• PROBLEM DETAILS
Every single entry below should be reproduced verbatim.

BEGIN

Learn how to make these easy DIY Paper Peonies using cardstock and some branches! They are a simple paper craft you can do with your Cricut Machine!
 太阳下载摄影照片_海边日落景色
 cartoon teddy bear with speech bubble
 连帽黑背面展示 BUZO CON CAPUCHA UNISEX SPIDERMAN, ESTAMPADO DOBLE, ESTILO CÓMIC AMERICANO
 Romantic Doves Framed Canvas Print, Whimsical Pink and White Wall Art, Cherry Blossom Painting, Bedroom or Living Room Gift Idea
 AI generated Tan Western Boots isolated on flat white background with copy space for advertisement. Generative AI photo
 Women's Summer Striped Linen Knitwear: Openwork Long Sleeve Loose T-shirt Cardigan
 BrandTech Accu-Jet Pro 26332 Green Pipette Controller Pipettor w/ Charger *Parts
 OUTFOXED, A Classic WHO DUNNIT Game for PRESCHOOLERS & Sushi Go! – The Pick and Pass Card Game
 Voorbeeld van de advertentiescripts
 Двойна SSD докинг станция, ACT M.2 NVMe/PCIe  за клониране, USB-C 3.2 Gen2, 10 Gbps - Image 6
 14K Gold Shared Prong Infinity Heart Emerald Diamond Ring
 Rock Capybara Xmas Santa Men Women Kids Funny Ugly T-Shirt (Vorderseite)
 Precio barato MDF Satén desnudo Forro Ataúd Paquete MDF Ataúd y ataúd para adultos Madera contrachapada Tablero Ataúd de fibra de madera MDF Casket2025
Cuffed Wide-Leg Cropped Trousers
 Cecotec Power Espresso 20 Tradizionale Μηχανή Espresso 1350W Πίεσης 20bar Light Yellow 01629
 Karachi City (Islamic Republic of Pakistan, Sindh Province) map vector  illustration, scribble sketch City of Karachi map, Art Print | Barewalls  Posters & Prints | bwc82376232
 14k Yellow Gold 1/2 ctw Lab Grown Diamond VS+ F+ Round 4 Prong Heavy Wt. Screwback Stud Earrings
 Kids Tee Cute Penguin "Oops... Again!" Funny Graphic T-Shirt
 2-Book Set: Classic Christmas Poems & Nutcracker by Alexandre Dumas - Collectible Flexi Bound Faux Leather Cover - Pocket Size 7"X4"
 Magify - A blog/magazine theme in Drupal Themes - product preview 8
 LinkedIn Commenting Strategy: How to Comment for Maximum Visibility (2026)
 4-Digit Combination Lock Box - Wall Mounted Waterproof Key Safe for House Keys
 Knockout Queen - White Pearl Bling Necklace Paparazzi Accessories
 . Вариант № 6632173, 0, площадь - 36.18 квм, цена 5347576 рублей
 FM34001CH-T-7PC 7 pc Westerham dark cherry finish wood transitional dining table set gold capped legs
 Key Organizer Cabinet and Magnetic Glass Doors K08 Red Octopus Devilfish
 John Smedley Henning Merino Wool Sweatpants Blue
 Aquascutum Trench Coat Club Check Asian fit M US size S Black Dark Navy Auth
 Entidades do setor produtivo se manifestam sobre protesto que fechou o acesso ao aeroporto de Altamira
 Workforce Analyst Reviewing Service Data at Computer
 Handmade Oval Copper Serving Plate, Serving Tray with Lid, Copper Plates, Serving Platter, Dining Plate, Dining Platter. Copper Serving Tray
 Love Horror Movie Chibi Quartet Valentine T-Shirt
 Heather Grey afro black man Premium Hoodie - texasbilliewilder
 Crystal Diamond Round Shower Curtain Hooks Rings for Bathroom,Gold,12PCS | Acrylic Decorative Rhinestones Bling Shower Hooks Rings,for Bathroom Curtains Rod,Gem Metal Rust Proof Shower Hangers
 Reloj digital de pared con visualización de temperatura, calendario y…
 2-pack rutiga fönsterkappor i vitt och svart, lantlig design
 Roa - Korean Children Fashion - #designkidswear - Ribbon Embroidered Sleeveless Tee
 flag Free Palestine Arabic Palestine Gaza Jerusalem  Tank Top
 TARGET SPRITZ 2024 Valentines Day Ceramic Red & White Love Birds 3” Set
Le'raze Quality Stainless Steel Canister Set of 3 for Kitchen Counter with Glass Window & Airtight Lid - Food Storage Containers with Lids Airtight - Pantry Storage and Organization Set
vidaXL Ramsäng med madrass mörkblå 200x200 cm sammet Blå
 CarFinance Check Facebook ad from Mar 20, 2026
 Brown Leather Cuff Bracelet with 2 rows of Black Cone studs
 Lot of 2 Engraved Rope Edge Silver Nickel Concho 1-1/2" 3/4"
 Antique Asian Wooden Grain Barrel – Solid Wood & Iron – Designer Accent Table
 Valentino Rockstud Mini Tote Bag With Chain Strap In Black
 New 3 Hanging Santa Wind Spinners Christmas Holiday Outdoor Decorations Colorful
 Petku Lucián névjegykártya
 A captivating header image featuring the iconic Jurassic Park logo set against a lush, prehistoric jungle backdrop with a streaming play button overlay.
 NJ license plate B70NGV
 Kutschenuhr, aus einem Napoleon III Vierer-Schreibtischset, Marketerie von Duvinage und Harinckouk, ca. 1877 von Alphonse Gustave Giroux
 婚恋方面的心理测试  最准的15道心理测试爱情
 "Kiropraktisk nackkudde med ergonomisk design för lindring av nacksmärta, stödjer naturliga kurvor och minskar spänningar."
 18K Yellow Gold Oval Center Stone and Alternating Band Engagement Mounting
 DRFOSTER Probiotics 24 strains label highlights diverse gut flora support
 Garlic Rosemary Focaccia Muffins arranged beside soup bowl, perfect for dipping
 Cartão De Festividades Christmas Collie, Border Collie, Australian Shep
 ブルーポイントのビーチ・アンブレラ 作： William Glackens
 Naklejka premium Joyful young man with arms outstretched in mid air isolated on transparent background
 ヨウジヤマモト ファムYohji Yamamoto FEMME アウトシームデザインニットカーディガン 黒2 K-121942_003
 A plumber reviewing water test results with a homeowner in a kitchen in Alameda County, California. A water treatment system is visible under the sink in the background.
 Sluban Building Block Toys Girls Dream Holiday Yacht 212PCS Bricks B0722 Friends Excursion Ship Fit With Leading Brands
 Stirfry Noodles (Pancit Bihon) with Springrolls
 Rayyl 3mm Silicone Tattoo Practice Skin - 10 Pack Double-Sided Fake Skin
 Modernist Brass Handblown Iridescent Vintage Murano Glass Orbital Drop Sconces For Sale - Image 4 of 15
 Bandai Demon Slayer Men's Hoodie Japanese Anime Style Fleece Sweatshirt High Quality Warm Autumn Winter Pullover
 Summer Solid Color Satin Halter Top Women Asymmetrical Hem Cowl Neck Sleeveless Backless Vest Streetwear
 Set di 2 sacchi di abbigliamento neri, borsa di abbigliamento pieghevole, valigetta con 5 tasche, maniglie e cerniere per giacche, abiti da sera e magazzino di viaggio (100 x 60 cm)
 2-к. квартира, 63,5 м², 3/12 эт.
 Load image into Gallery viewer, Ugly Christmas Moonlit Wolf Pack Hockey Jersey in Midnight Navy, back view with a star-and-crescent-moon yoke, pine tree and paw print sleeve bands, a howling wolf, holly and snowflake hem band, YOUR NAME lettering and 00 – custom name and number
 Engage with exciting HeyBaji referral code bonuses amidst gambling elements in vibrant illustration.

END

• SOLVED PROBLEM
Learn how to make these easy DIY Paper Peonies using cardstock and some branches! They are a simple paper craft you can do with your Cricut Machine!
 太阳下载摄影照片_海边日落景色
 cartoon teddy bear with speech bubble
 连帽黑背面展示 BUZO CON CAPUCHA UNISEX SPIDERMAN, ESTAMPADO DOBLE, ESTILO CÓMIC AMERICANO
 Romantic Doves Framed Canvas Print, Whimsical Pink and White Wall Art, Cherry Blossom Painting, Bedroom or Living Room Gift Idea
 AI generated Tan Western Boots isolated on flat white background with copy space for advertisement. Generative AI photo
 Women's Summer Striped Linen Knitwear: Openwork Long Sleeve Loose T-shirt Cardigan
 BrandTech Accu-Jet Pro 26332 Green Pipette Controller Pipettor w/ Charger *Parts
 OUTFOXED, A Classic WHO DUNNIT Game for PRESCHOOLERS & Sushi Go! – The Pick and Pass Card Game
 Voorbeeld van de advertentiescripts
 Двойна SSD докинг станция, ACT M.2 NVMe/PCIe  за клониране, USB-C 3.2 Gen2, 10 Gbps - Image 6
 14K Gold Shared Prong Infinity Heart Emerald Diamond Ring
 Rock Capybara Xmas Santa Men Women Kids Funny Ugly T-Shirt (Vorderseite)
 Precio barato MDF Satén desnudo Forro Ataúd Paquete MDF Ataúd y ataúd para adultos Madera contrachapada Tablero Ataúd de fibra de madera MDF Casket2025
Cuffed Wide-Leg Cropped Trousers
 Cecotec Power Espresso 20 Tradizionale Μηχανή Espresso 1350W Πίεσης 20bar Light Yellow 01629
 Karachi City (Islamic Republic of Pakistan, Sindh Province) map vector  illustration, scribble sketch City of Karachi map, Art Print | Barewalls  Posters & Prints | bwc82376232
 14k Yellow Gold 1/2 ctw Lab Grown Diamond VS+ F+ Round 4 Prong Heavy Wt. Screwback Stud Earrings
 Kids Tee Cute Penguin "Oops... Again!" Funny Graphic T-Shirt
 2-Book Set: Classic Christmas Poems & Nutcracker by Alexandre Dumas - Collectible Flexi Bound Faux Leather Cover - Pocket Size 7"X4"
 Magify - A blog/magazine theme in Drupal Themes - product preview 8
 LinkedIn Commenting Strategy: How to Comment for Maximum Visibility (2026)
 4-Digit Combination Lock Box - Wall Mounted Waterproof Key Safe for House Keys
 Knockout Queen - White Pearl Bling Necklace Paparazzi Accessories
 . Вариант № 6632173, 0, площадь - 36.18 квм, цена 5347576 рублей
 FM34001CH-T-7PC 7 pc Westerham dark cherry finish wood transitional dining table set gold capped legs
 Key Organizer Cabinet and Magnetic Glass Doors K08 Red Octopus Devilfish
 John Smedley Henning Merino Wool Sweatpants Blue
 Aquascutum Trench Coat Club Check Asian fit M US size S Black Dark Navy Auth
 Entidades do setor produtivo se manifestam sobre protesto que fechou o acesso ao aeroporto de Altamira
 Workforce Analyst Reviewing Service Data at Computer
 Handmade Oval Copper Serving Plate, Serving Tray with Lid, Copper Plates, Serving Platter, Dining Plate, Dining Platter. Copper Serving Tray
 Love Horror Movie Chibi Quartet Valentine T-Shirt
 Heather Grey afro black man Premium Hoodie - texasbilliewilder
 Crystal Diamond Round Shower Curtain Hooks Rings for Bathroom,Gold,12PCS | Acrylic Decorative Rhinestones Bling Shower Hooks Rings,for Bathroom Curtains Rod,Gem Metal Rust Proof Shower Hangers
 Reloj digital de pared con visualización de temperatura, calendario y…
 2-pack rutiga fönsterkappor i vitt och svart, lantlig design
 Roa - Korean Children Fashion - #designkidswear - Ribbon Embroidered Sleeveless Tee
 flag Free Palestine Arabic Palestine Gaza Jerusalem  Tank Top
 TARGET SPRITZ 2024 Valentines Day Ceramic Red & White Love Birds 3” Set
Le'raze Quality Stainless Steel Canister Set of 3 for Kitchen Counter with Glass Window & Airtight Lid - Food Storage Containers with Lids Airtight - Pantry Storage and Organization Set
vidaXL Ramsäng med madrass mörkblå 200x200 cm sammet Blå
 CarFinance Check Facebook ad from Mar 20, 2026
 Brown Leather Cuff Bracelet with 2 rows of Black Cone studs
 Lot of 2 Engraved Rope Edge Silver Nickel Concho 1-1/2" 3/4"
 Antique Asian Wooden Grain Barrel – Solid Wood & Iron – Designer Accent Table
 Valentino Rockstud Mini Tote Bag With Chain Strap In Black
 New 3 Hanging Santa Wind Spinners Christmas Holiday Outdoor Decorations Colorful
 Petku Lucián névjegykártya
 A captivating header image featuring the iconic Jurassic Park logo set against a lush, prehistoric jungle backdrop with a streaming play button overlay.
 NJ license plate B70NGV
 Kutschenuhr, aus einem Napoleon III Vierer-Schreibtischset, Marketerie von Duvinage und Harinckouk, ca. 1877 von Alphonse Gustave Giroux
 婚恋方面的心理测试  最准的15道心理测试爱情
 "Kiropraktisk nackkudde med ergonomisk design för lindring av nacksmärta, stödjer naturliga kurvor och minskar spänningar."
 18K Yellow Gold Oval Center Stone and Alternating Band Engagement Mounting
 DRFOSTER Probiotics 24 strains label highlights diverse gut flora support
 Garlic Rosemary Focaccia Muffins arranged beside soup bowl, perfect for dipping
 Cartão De Festividades Christmas Collie, Border Collie, Australian Shep
 ブルーポイントのビーチ・アンブレラ 作： William Glackens
 Naklejka premium Joyful young man with arms outstretched in mid air isolated on transparent background
 ヨウジヤマモト ファムYohji Yamamoto FEMME アウトシームデザインニットカーディガン 黒2 K-121942_003
 A plumber reviewing water test results with a homeowner in a kitchen in Alameda County, California. A water treatment system is visible under the sink in the background.
 Sluban Building Block Toys Girls Dream Holiday Yacht 212PCS Bricks B0722 Friends Excursion Ship Fit With Leading Brands
 Stirfry Noodles (Pancit Bihon) with Springrolls
 Rayyl 3mm Silicone Tattoo Practice Skin - 10 Pack Double-Sided Fake Skin
 Modernist Brass Handblown Iridescent Vintage Murano Glass Orbital Drop Sconces For Sale - Image 4 of 15
 Bandai Demon Slayer Men's Hoodie Japanese Anime Style Fleece Sweatshirt High Quality Warm Autumn Winter Pullover
 Summer Solid Color Satin Halter Top Women Asymmetrical Hem Cowl Neck Sleeveless Backless Vest Streetwear
 Set di 2 sacchi di abbigliamento neri, borsa di abbigliamento pieghevole, valigetta con 5 tasche, maniglie e cerniere per giacche, abiti da sera e magazzino di viaggio (100 x 60 cm)
 2-к. квартира, 63,5 м², 3/12 эт.
 Load image into Gallery viewer, Ugly Christmas Moonlit Wolf Pack Hockey Jersey in Midnight Navy, back view with a star-and-crescent-moon yoke, pine tree and paw print sleeve bands, a howling wolf, holly and snowflake hem band, YOUR NAME lettering and 00 – custom name and number
 Engage with exciting HeyBaji referral code bonuses amidst gambling elements in vibrant illustration.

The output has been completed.